File naming convention
AirMOSS L2/3 RZSM data file names have the format:
L23RZSM_ssssss_FFFFF_YYYYMMDD_vv.nc4
where:
Name element |
Description |
ssssss |
6-character sitename assigned to the site where data was acquired. |
FFFFF |
5-digit flight ID, where the first 2 digits are the last 2 digits of the year and the next 3 digits a numeric counter chosen to ensure uniqueness of the flight ID. |
YYYYMMDD |
UTC date at the start of the data take, with YY being the last two digits of the year, MM the month of the year (01-12), and DD the day of the month (01-31) |
vv |
2-digit product version number starting at 01. The version number is incremented by 1 when a product is reprocessed and redelivered. |
Example file names:
L23RZSM_Chamel_14050_20140425_02.nc4
L23RZSM_Metoli_15120_20150824_01.nc4
Table 2. Data fields in the L2/3 RZSM data files.
Data Field |
Units |
Description |
lat |
degrees North |
Latitude of grid cell |
lon |
degrees East |
Longitude of grid cell |
BROWSE_RZSM_0CM |
cm3/cm3 |
Volumetric soil moisture at 0 cm depth (surface). |
BROWSE_RZSM_10CM |
cm3/cm3 |
Volumetric soil moisture at 10 cm depth. |
BROWSE_RZSM_30CM |
cm3/cm3 |
Volumetric soil moisture at 30 cm depth (root zone). |
COEFF1 |
|
Value of coefficient 1 (a).
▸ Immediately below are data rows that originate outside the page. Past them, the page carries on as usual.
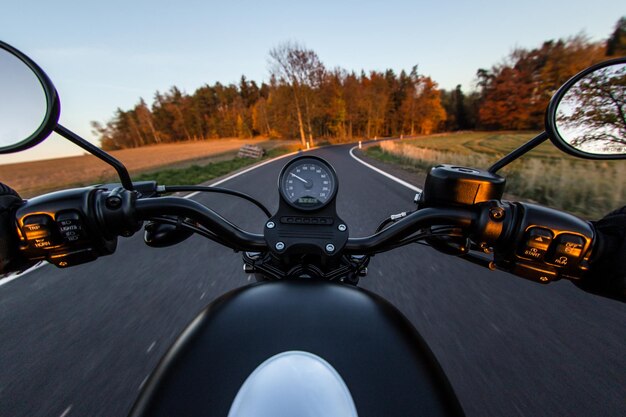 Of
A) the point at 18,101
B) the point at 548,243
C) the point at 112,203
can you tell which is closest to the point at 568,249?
the point at 548,243

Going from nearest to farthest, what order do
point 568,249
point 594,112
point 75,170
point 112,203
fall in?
point 568,249
point 112,203
point 594,112
point 75,170

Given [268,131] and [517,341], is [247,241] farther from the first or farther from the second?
[268,131]

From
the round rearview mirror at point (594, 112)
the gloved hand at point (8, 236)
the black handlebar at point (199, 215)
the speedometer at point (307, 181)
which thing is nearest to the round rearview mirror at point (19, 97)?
the gloved hand at point (8, 236)

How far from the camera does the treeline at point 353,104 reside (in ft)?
56.5

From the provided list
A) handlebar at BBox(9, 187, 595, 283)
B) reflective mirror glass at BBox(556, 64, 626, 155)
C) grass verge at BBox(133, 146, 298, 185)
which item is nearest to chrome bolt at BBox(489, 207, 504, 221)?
handlebar at BBox(9, 187, 595, 283)

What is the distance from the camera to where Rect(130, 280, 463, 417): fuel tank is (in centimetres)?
54

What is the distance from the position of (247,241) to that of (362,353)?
63 cm

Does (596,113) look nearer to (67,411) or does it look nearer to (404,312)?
(404,312)

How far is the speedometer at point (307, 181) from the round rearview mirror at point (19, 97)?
0.91 metres

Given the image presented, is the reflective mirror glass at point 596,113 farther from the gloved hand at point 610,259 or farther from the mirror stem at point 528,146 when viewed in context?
the gloved hand at point 610,259

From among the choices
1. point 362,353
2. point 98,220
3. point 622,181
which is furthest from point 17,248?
point 622,181

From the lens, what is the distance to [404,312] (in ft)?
6.89

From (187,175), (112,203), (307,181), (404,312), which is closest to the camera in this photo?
(112,203)

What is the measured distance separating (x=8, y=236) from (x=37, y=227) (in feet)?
0.32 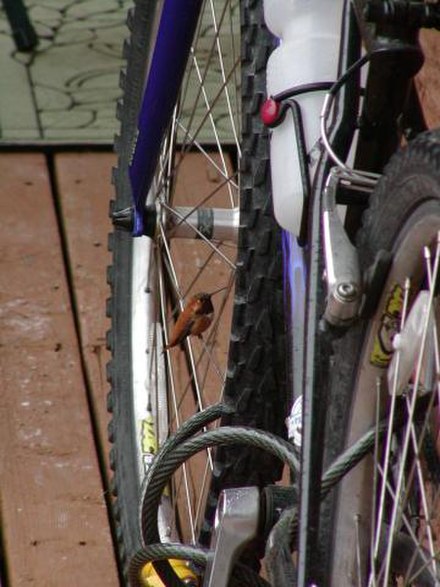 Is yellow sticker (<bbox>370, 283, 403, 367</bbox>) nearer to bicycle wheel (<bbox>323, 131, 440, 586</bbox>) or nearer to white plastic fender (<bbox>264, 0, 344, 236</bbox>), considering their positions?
bicycle wheel (<bbox>323, 131, 440, 586</bbox>)

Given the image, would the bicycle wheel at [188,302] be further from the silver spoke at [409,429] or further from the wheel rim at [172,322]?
the silver spoke at [409,429]

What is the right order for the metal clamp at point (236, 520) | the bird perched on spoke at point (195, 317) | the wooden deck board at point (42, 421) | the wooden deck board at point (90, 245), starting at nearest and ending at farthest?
the metal clamp at point (236, 520)
the bird perched on spoke at point (195, 317)
the wooden deck board at point (42, 421)
the wooden deck board at point (90, 245)

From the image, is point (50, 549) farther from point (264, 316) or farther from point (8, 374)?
point (264, 316)

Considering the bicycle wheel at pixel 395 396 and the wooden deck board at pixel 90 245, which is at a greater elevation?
the bicycle wheel at pixel 395 396

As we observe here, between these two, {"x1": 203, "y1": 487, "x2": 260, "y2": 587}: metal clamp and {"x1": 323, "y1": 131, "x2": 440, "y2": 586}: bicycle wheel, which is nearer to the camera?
{"x1": 323, "y1": 131, "x2": 440, "y2": 586}: bicycle wheel

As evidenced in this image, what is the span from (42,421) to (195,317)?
1.91 ft

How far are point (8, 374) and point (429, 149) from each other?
135cm

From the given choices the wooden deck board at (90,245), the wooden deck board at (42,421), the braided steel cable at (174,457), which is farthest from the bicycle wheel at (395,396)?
the wooden deck board at (90,245)

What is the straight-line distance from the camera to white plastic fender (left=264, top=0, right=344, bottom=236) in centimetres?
129

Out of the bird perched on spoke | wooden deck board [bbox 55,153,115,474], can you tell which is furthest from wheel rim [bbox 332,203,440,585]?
wooden deck board [bbox 55,153,115,474]

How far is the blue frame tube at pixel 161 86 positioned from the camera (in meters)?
1.54

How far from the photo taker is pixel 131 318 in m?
1.96

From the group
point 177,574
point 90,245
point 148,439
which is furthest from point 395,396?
point 90,245

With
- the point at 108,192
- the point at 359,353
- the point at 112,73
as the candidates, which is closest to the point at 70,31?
the point at 112,73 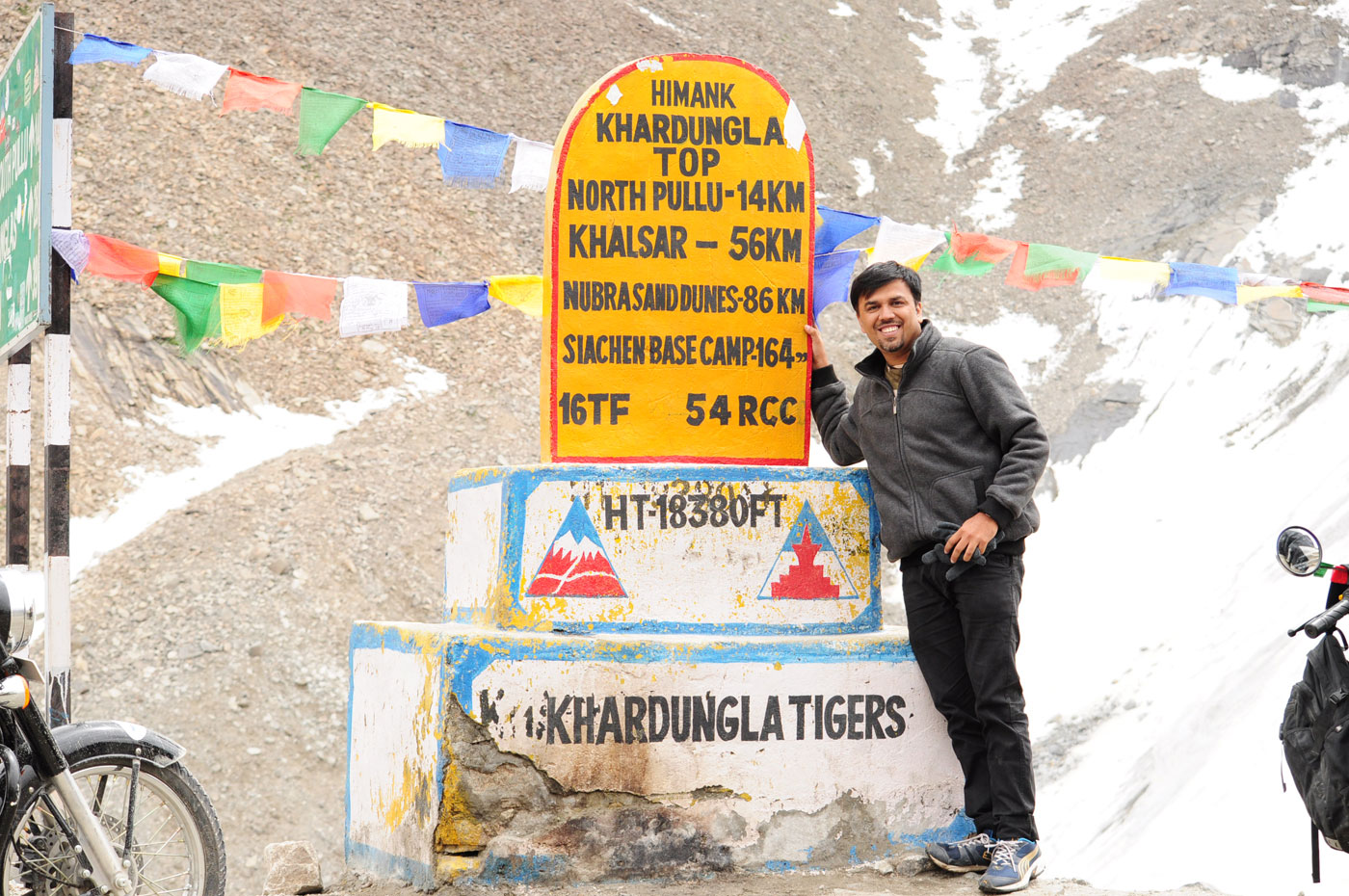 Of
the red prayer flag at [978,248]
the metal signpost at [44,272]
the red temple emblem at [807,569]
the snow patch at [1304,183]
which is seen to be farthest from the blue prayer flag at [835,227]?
the snow patch at [1304,183]

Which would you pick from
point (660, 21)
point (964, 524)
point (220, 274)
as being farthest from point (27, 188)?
point (660, 21)

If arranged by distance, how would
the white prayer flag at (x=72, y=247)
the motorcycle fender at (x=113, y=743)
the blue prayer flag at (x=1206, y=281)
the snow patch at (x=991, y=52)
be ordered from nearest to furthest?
the motorcycle fender at (x=113, y=743)
the white prayer flag at (x=72, y=247)
the blue prayer flag at (x=1206, y=281)
the snow patch at (x=991, y=52)

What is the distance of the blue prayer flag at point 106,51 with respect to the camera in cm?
642

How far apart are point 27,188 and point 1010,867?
4544 millimetres

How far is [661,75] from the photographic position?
479cm

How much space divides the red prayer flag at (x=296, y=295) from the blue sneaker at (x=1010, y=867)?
14.8ft

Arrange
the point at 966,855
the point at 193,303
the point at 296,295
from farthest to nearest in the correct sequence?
the point at 296,295 < the point at 193,303 < the point at 966,855

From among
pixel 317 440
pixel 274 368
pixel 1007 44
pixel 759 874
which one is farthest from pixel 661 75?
pixel 1007 44

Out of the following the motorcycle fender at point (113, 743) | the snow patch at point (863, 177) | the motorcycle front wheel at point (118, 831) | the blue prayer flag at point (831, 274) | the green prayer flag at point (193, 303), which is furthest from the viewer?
the snow patch at point (863, 177)

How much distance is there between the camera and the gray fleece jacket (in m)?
4.11

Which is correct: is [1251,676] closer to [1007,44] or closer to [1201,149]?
[1201,149]

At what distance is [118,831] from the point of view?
3.85 meters

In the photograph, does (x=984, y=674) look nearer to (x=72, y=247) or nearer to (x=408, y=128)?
(x=408, y=128)

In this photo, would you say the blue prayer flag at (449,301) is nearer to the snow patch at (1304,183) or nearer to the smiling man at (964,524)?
the smiling man at (964,524) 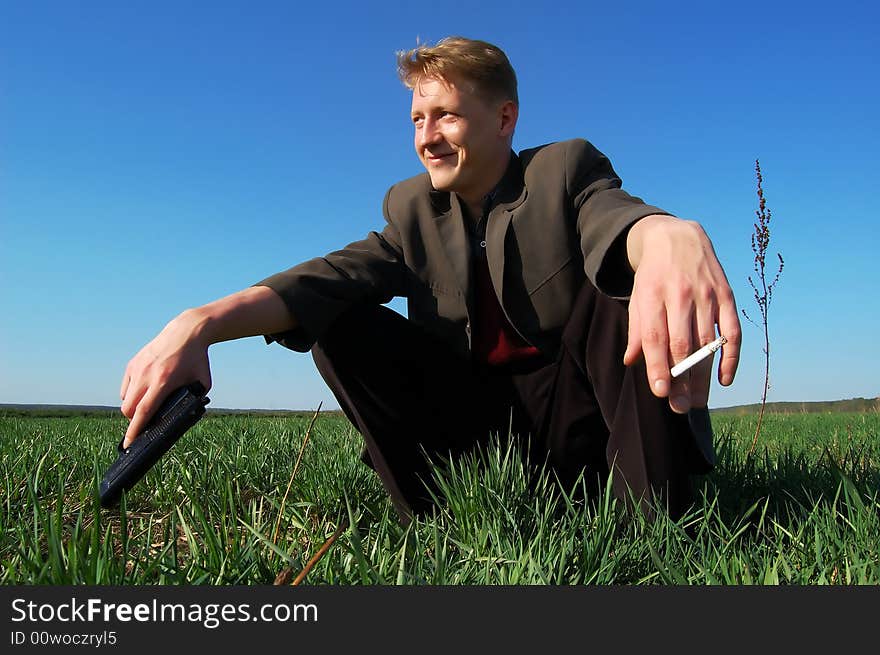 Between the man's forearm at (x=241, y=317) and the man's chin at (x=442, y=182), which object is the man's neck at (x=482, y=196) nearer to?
the man's chin at (x=442, y=182)

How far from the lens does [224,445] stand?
151 inches

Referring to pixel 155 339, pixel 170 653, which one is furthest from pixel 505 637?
pixel 155 339

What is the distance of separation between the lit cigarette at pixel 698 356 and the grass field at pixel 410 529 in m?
0.47

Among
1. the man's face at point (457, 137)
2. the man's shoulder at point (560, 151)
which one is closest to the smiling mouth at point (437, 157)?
the man's face at point (457, 137)

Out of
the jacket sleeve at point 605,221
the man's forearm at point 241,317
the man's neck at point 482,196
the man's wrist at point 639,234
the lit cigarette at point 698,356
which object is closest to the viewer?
the lit cigarette at point 698,356

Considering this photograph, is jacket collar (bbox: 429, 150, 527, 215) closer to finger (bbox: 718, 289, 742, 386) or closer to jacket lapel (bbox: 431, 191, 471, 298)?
jacket lapel (bbox: 431, 191, 471, 298)

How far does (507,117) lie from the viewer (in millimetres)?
2746

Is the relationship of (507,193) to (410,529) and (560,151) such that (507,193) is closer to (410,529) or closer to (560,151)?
(560,151)

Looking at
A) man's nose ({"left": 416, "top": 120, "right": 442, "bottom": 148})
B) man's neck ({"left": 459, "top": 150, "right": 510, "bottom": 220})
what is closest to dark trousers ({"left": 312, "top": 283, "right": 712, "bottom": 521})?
man's neck ({"left": 459, "top": 150, "right": 510, "bottom": 220})

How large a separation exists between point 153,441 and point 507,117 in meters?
→ 1.84

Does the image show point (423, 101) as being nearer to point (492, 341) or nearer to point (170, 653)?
point (492, 341)

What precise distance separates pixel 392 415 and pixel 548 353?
62 cm

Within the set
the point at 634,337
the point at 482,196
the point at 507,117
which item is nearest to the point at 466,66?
the point at 507,117

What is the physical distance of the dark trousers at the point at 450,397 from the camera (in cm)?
228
The volumetric soil moisture (mv) profile information is given in terms of second-order polynomial coefficient a, b, and c where mv(z) = az2 + bz + c, where z is the depth in meters. |
COEFF2 |
|
Value of coefficient 2 (b) |
COEFF3 |
|
Value of coefficient 3 (c) |
Application and Derivation
The AirMOSS data products and expected science results are tailored to meet the need to reduce uncertainty in estimates of net ecosystem exchange (NEE) through the development of methodologies to integrate remote sensing observations, in-ground soil sensors, and flux tower data into regional/continental flux models. Additionally, AirMOSS data provide a direct means for evaluating RZSM algorithms of the SMAP Decadal Survey mission and assessing the impact of fine-scale heterogeneities in its coarse-resolution products.
Quality Assessment
The baseline approach for assessing the retrieval errors of the L2/3-RZSM products is to compare them against the permanent in-situ soil moisture sensor profiles installed (or otherwise available) at the AirMOSS sites (data available at http://dx.doi.org/10.3334/ORNLDAAC/1416). The error is calculated as a root mean square (RMS) measure, along with the calculation of a bias. The bias is removed for each biome on a yearly basis. The validation results showed accuracy ranging from 0.041 to 0.099 m3/m3 while confirming the intuitive notion that the accuracy decreases as depth increases (Tabatabaeenejad et al. 2015). Error in the retrieval results are associated with radar calibration errors, vegetation parameterization errors, surface roughness assumptions, and inaccuracies in the scattering and inversion models.
Validity Depth
The retrieval error generally increases when deeper points from installed probes are used in validation. This increase in error is expected as penetration depth of electromagnetic waves decreases with depth. We can therefore define a `threshold depth' for each site as the depth up to which the retrieval is mathematically valid. The threshold depth depends on the number of modeled layers and their thickness in the forward model. The validity depth for each site is different because of its different vegetation, soil texture, and soil layers. However, it can be shown that the choice of 50 cm is reasonably accurate for all sites. All 2012 and 2013 RZSM products from BERMS, Metolius, MOISST, Tonzi Ranch, and Walnut Gulch (except for Tonzi Ranch 2013) are valid up to 95 cm. All 2014 and 2015 RZSM products from BERMS, Metolius, MOISST, Tonzi Ranch, and Walnut Gulch are valid up to 45 cm. Tonzi Ranch 2013 products are valid up to 55 cm.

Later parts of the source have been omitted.